WHAT YOU ARE ASKED TO DO: Copy out all of the data word for word. Omit every picture.

INPUT DATA:
=== Begin Enclosure ===
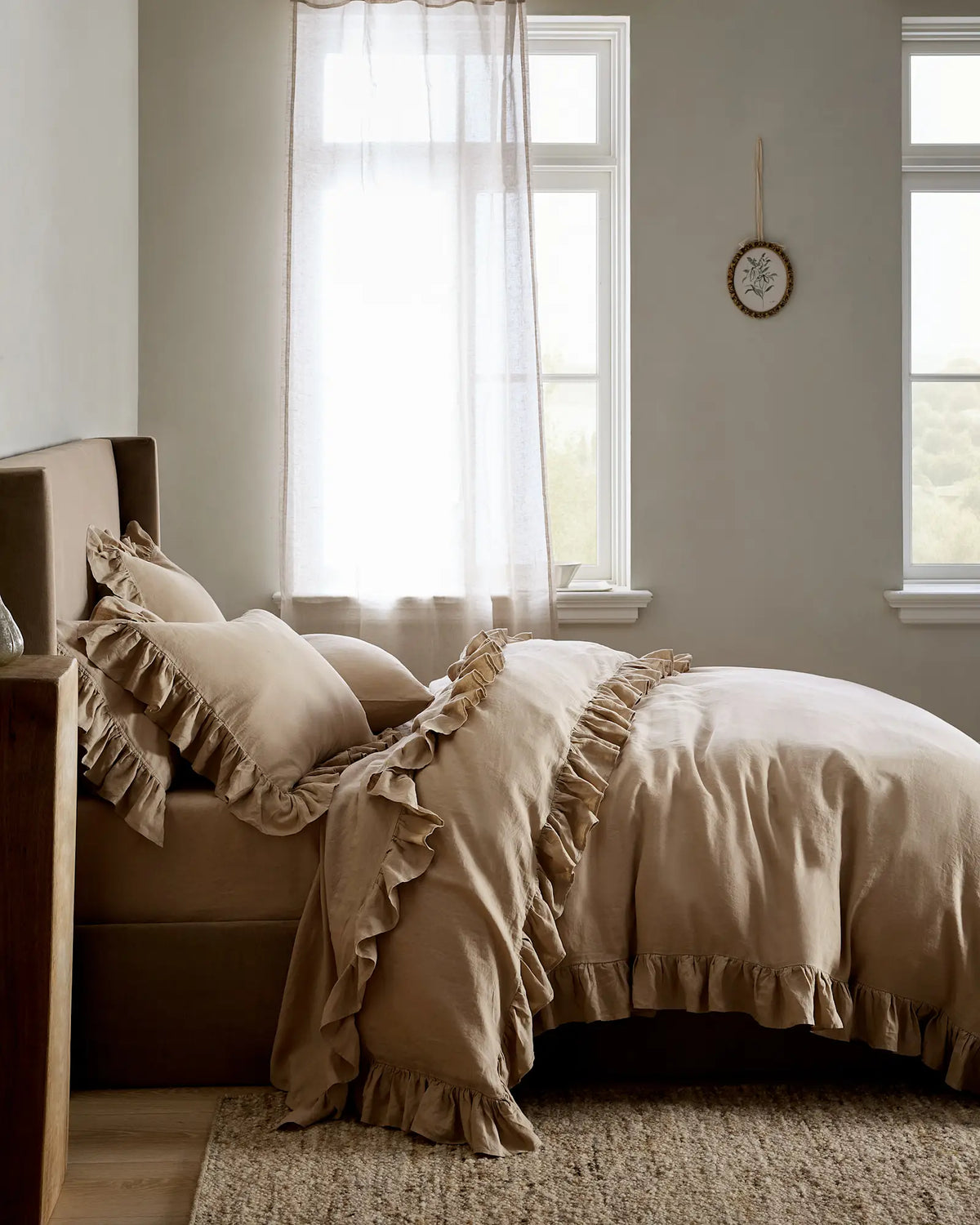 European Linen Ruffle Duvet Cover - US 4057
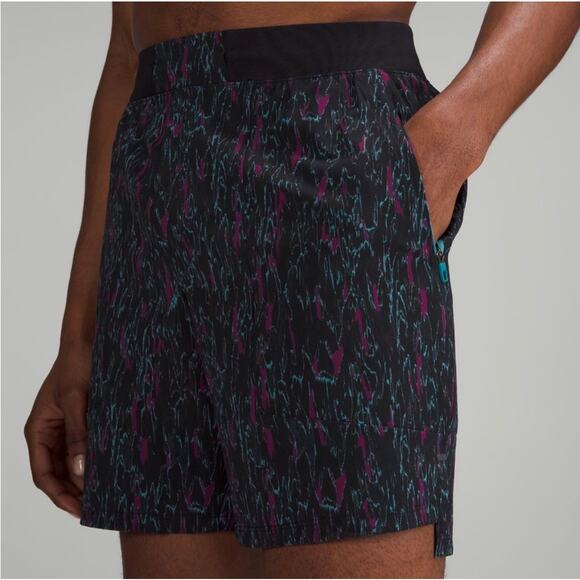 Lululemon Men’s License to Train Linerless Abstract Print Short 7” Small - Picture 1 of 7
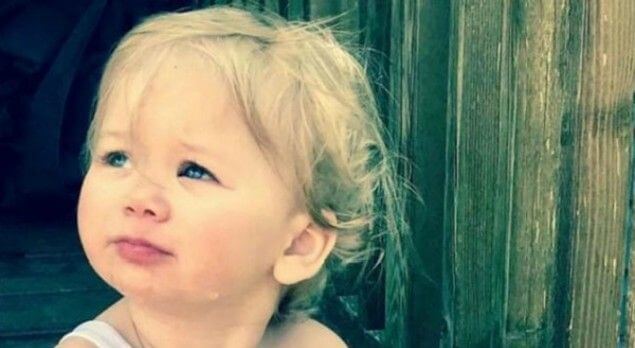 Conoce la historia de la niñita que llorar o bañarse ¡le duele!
=== End Enclosure ===
REPLY TO THE TASK:
 European Linen Ruffle Duvet Cover - US 4057
 Lululemon Men’s License to Train Linerless Abstract Print Short 7” Small - Picture 1 of 7
 Conoce la historia de la niñita que llorar o bañarse ¡le duele!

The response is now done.